I built an arbor shaft for the blade and it mounts in a 3/4 inch collet so it runs nice and true. The "follower" is made from a thin washer (I have since thinned it down more than shown for more accurate cuts) It's mounted on a metal rod that goes into a home made tool holder I had in my drawer. With this part on the cross slide, it makes it a breeze to line up the follower to the cutter position on the keys. In fact, the whole set up takes hardly no time to install and actually use.

While it may look a bit dangerous, it's really not bad, I've even added the handle so mine is safer! The blade has fine teeth so it's not too aggressive. It won't pull you in and fling you against the wall or anything. :D It even has that "key cutting machine" sound! It is a safe as a commercial built model. It runs at a slow RPM (a few hundred to guess) and you just work from the high areas down into the valleys. The key your cutting can never go any further into the blade than the follower allows. The deepest cut on these GM keys is .100 thousandths anyway so your not hogging out material by any means.

Today I cut my first key and it was a success! It works in the lock perfectly. (I did run a wire brush in a drill over the cuts to take any sharp spot off like they do when you get a key made at a store)

Part 2 (in a sense)
All of the above is fine for "duplicating" a key but you can't duplicate a worn out key. With proper depth and spacing keys (I have a set ordered a set for GM vehicles) and a key code book, I can take the 4 digit code from any GM lock and use those to produce a brand new key! I will probably update this post later when I get the keys I have ordered explaining that a bit more... Since I have a lot of antique cars & trucks, I'll be putting it to the test soon!

a.jpg b.jpg c.jpg d.jpg e.jpg f.jpg g.jpg h.jpg


Thanks! The last time I had the Chevy dealer "punch" keys for me using the code, they charged me $15 for 2 keys! (and I provided the key blanks!!!)

I ordered up a bunch of original type GM key blanks and will be making all new ones for my cars that need them. Both of my Impala's and the 71 Chevelle had new keys punched so they are good but the rest have worn keys.

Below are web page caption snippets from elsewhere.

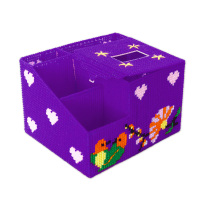 立体十字绣抽纸盒新款客厅收纳纸巾盒手工毛线绣储物合|深紫 报喜鸟款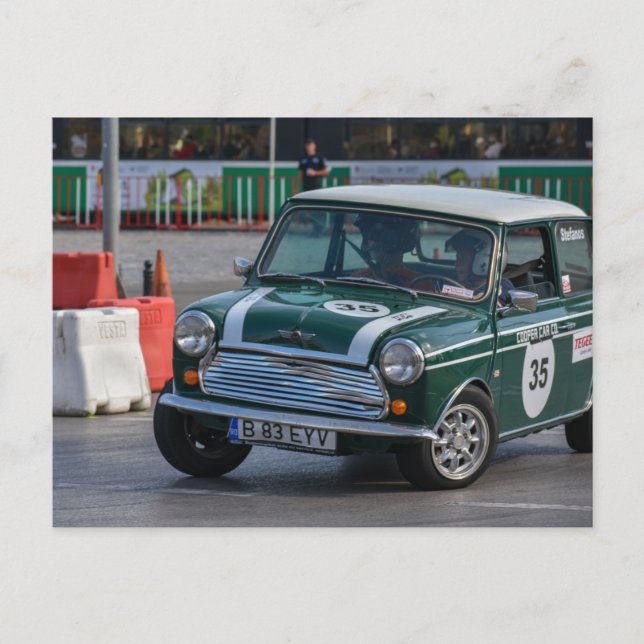 Postal de coche Green Classic Mini Cooper (Anverso)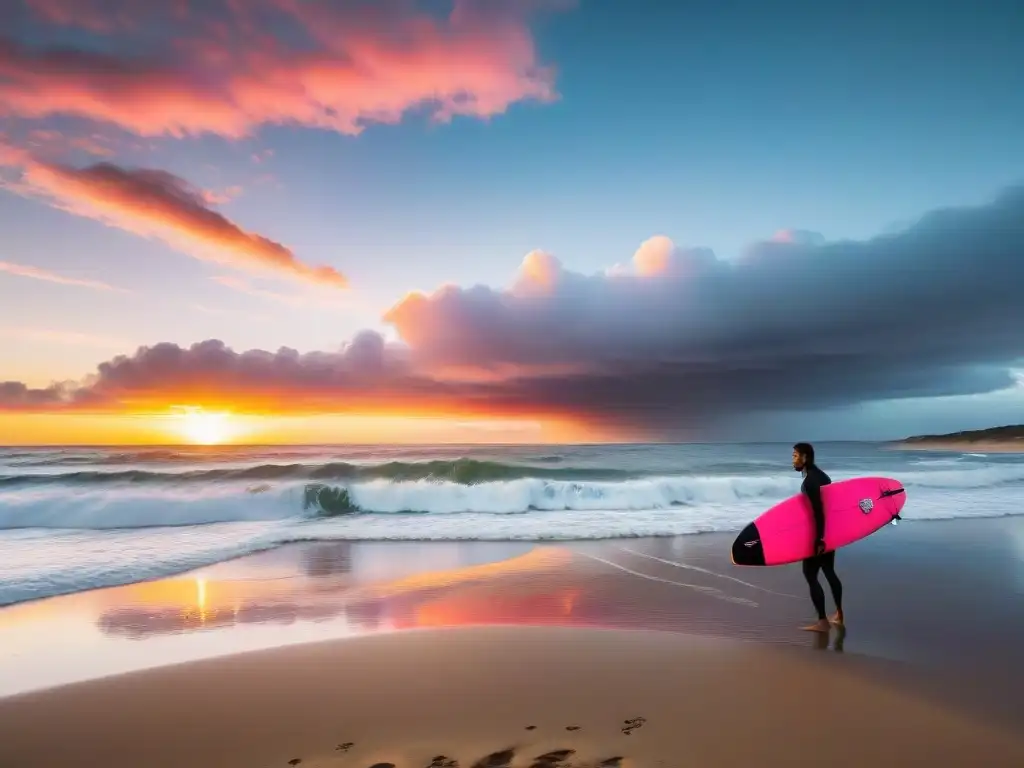 Un surfista solitario en una playa de Uruguay al atardecer, con un ambiente de serenidad y aventura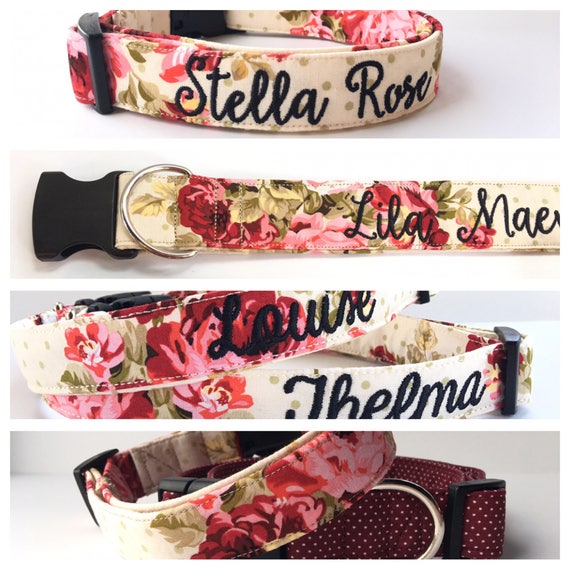 Dog Collar Embroidered Dog Collar Personalized Dog Collar Rose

I'll pop out a lock on each of the others and make new ones using the codes.


Got a whole mess of GM keys! Best of all, I only paid .72 cents each! (with the shipping included) I bought 44 of them. Only bummer is they didn't have any J or K code keys.

Finding the octagon and round keys our Impala's had is a bit harder and cost over $2 per key best I could find.



Well Known Member
Supporting Member 1
Doggone Bob you're alright, just promise us one thing if you ever get bored making car keys that you're not gonna go big time and go to the other side and become a cat burglar and start cracking safes unless you think you'd look good in stripes.